29The statement of claim also asserts that, at no time prior to entry into the relevant agreements by Messrs Lee, Hawatt and Sandstone, did Mr Nazvanov advise them that:
- the Term was 5 years;
- the guarantee amount would only be paid at the completion of the Term;
- during the Term of the agreements, BT or BT No 2 would be permitted to sell portions of their portfolio and invest the proceeds in zero coupon bonds;
- in the event that the portfolio value was reduced to zero, 100 per cent of the investment would remain allocated to zero coupon bonds until the maturity date of 25 June 2012;
- zero coupon bonds would not generate income, would not become worth more than their face value and were not capable of increasing in value if the value of the portfolio changed during the Term, unlike the put options in PEL that provided capital protection;
- in the event that 100 per cent of the investment were allocated to zero coupon bonds, there was no realistic possibility that they would recover any more than the initial amounts of their investments on the maturity date;
- a significant risk and disadvantage of the GPS was that if 100 per cent of the investment were allocated to zero coupon bonds early in the Term, to get the benefit of the guarantee they would have to keep paying interest on the loans for the whole of the Term (the Interest), while having no prospect of recovering any more than the initial amounts of their investments on the maturity date;
- a significant risk and disadvantage of the GPS was that if 100 percent of the investment were allocated to zero coupon bonds early in the Term, the Interest could exceed the difference between the break costs and the guaranteed amount payable on the maturity date;
- there were other protected equity loans offered by Westpac where the guarantee was payable after one or two years, which did not have the characteristics of the GPS described above; and
- Mr Nazvanov was not advising them about the important features and risks of the GPS.
30The statement of claim alleges that Mr Nazvanov's conduct, in sending the Email, in saying what he said during the Conversation and in not advising about the matters described above, misrepresented the characteristics of the GPS and the effect of the various agreements signed by Messrs Lee, Hawatt and Sandstone.
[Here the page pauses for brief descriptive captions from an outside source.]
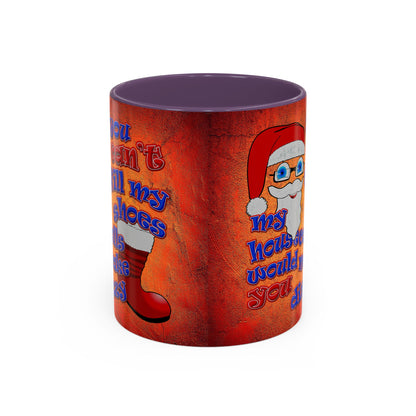 santa's shoes - Accent Mug (burnt orange)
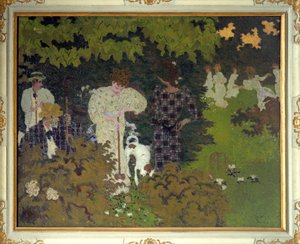 Crepuscolo o Festa del croquet da Pierre Bonnard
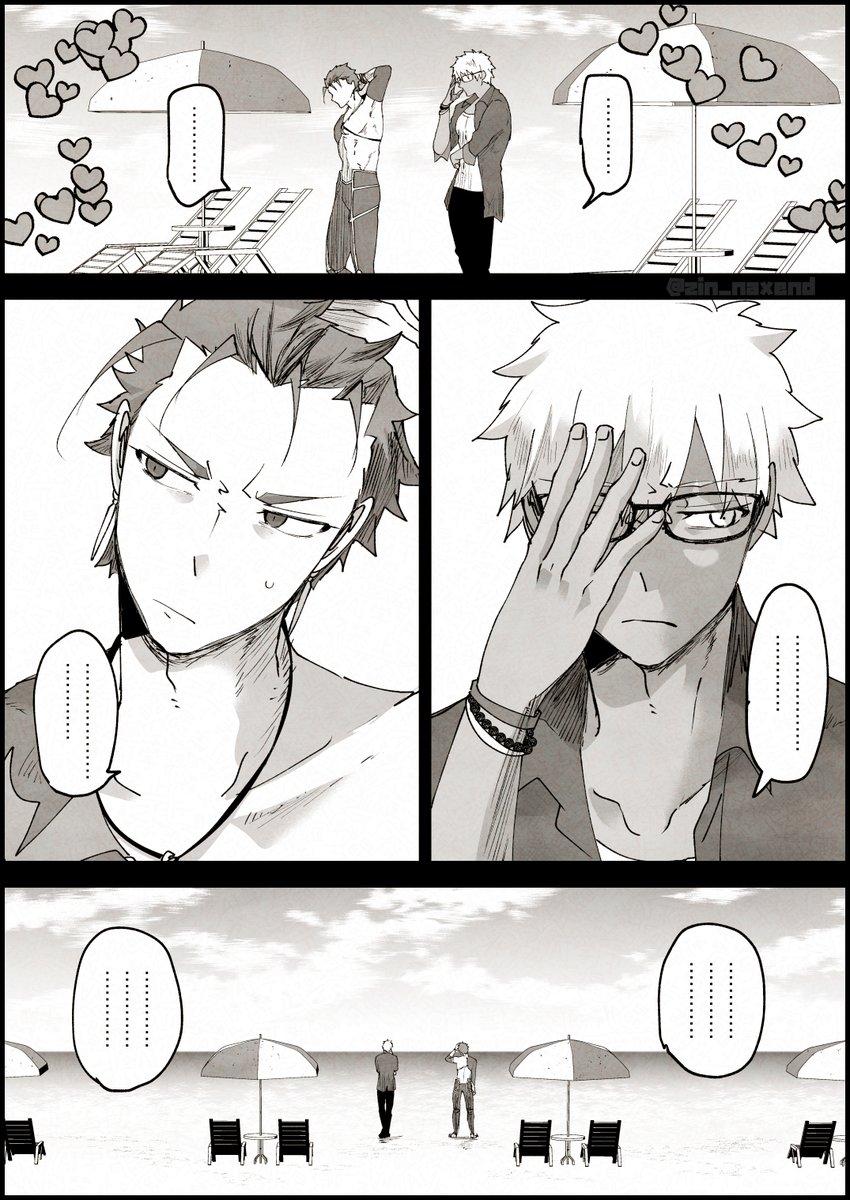 zin_naxend's tweet photo. 🏝️夏のとなりに（槍弓）💙❤ https://t.co/PeaxCESjLA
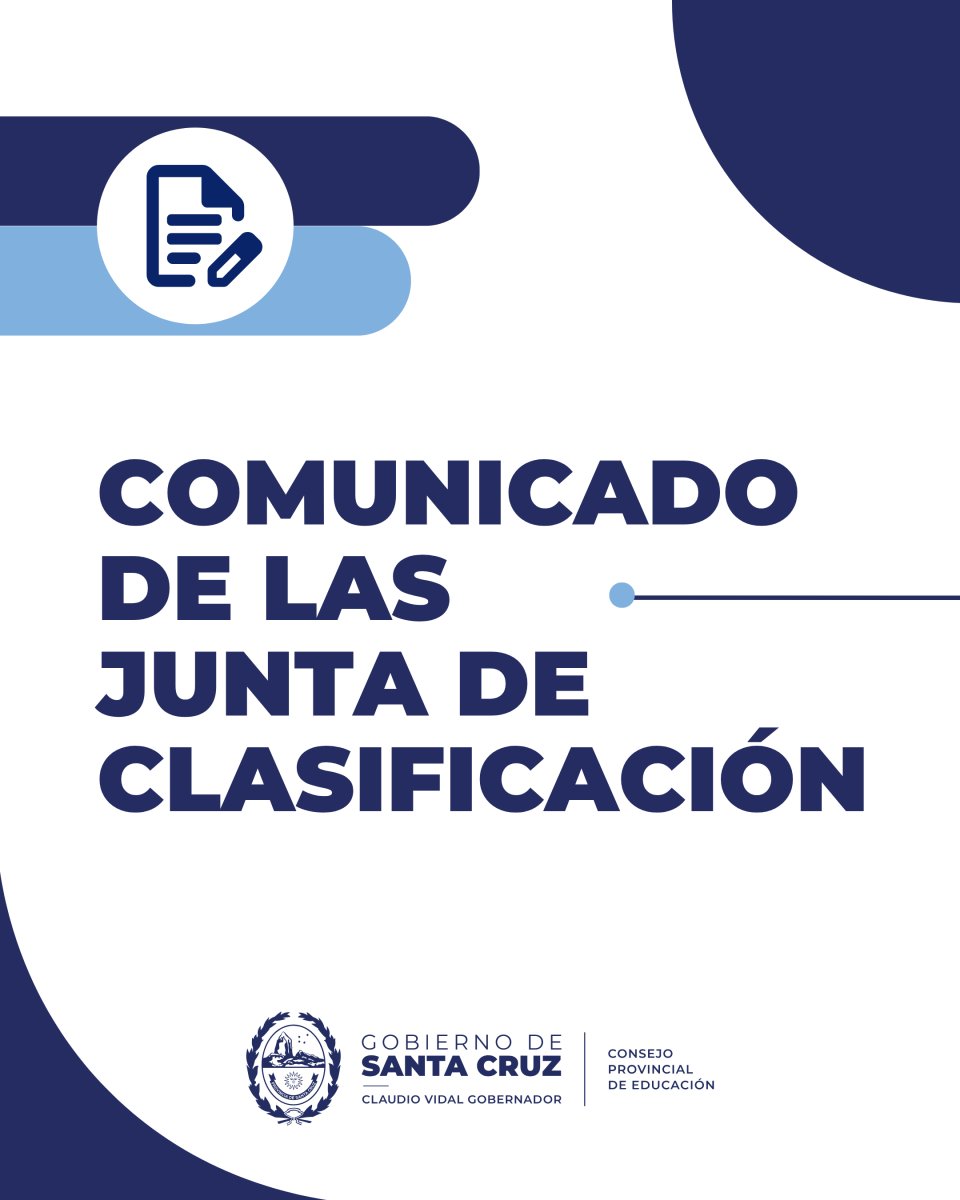 Se encuentra publicado el listado con baja de condiciones de la EPJA N° 8 de Río Gallegos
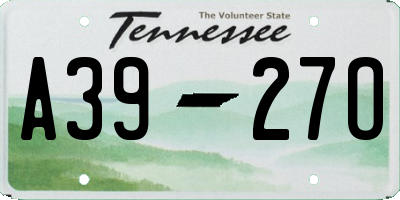 TN license plate A3927O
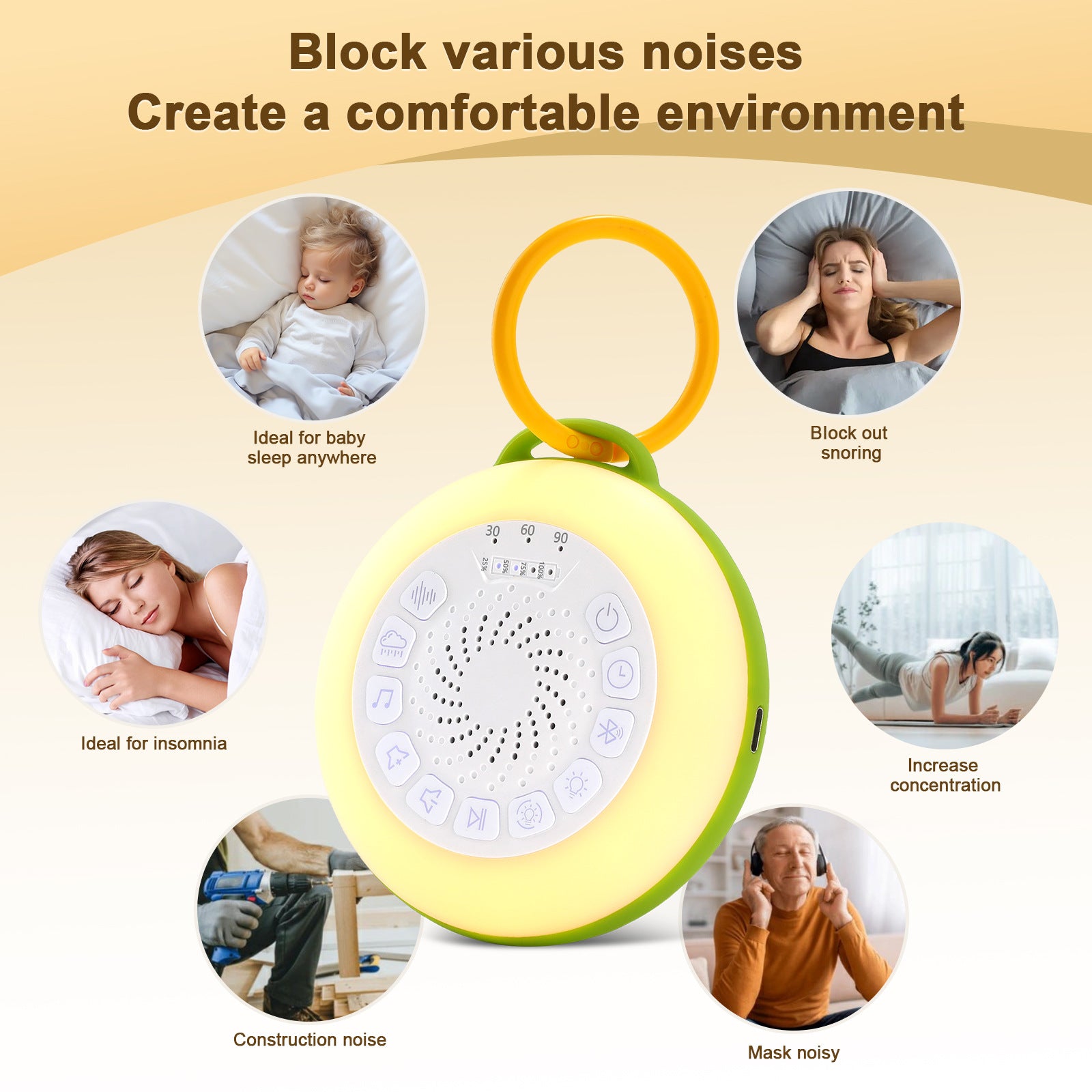 White Noise Bluetooth Soothing Baby Music - Baby Dotz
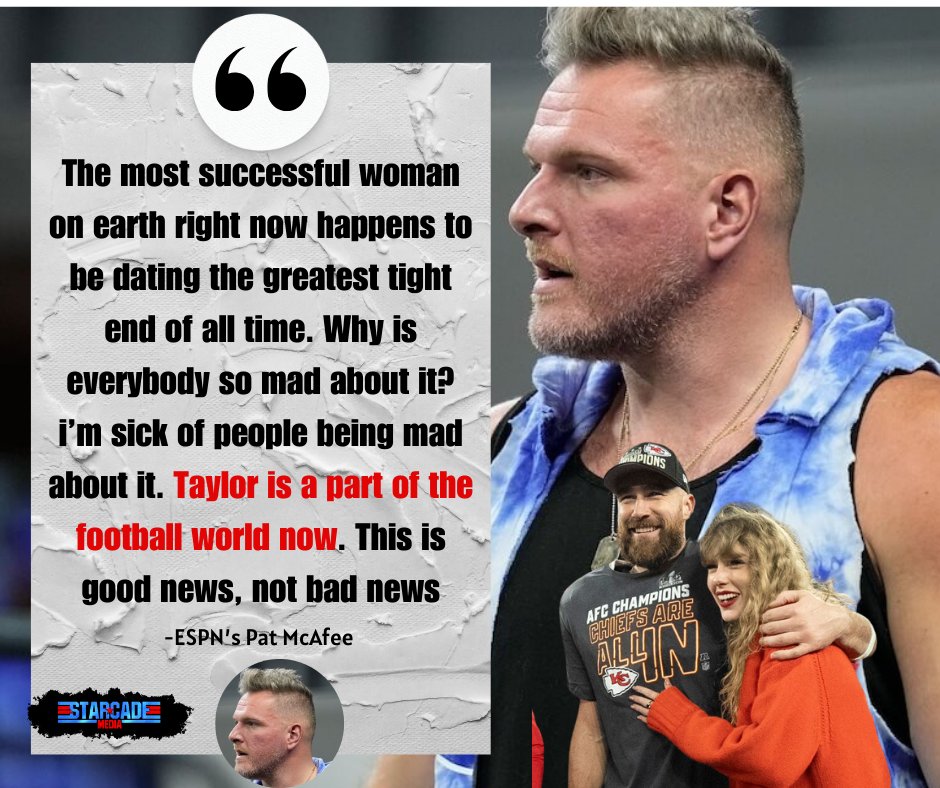 Good on you Pat McAfee, couldn't have said it better 👏 #patmcafee #taylorswift #traviskelce.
That was alleged to be because the GPS did not have the same, or substantially the same, characteristics as the PEL and because even if they could have withdrawn their money from the GPS from the first anniversary of the initial investment, by doing so they would have forfeited the benefit of the guarantee amount, as it was not payable until the maturity date. They say that that conduct contravened s 12DA and s 12DB of the ASIC Act.
31Section 12DA(1) provides that a person must not engage in conduct in relation to financial services that is misleading or deceptive or is likely to mislead or deceive. Section 12DB(1) provides that a person must not, in connection with the supply, or possible supply of financial services, make a false or misleading representation that the services have performance characteristics. Under s 12BAB, a person provides a financial service if the person provides financial product advice or deals in a financial product. Under s 12BAB(5), financial product advice means a recommendation or a statement of opinion or a report of either of those things that is intended to influence a person or persons in making a decision in relation to a particular financial product or class of financial products or could reasonably be regarded as being intended to have such an influence. Under s 12BAB(7), issuing a financial product constitutes dealing in a financial product. Financial products are defined in s 12BAA(7). It is common ground that the conduct on the part of Westpac, BT and BT No 2, about which complaint is made, falls within s 12DA or s 12DB.
32The primary judge found that representations as pleaded were made by Mr Nazvanov on behalf of Westpac, that those representations were misleading or deceptive and that Mr Lee and Mr Hawatt relied on the those representations in deciding to invest in the GPS. Her Honour therefore concluded that the loss was suffered by conduct that was misleading and deceptive in contravention of the ASIC Act.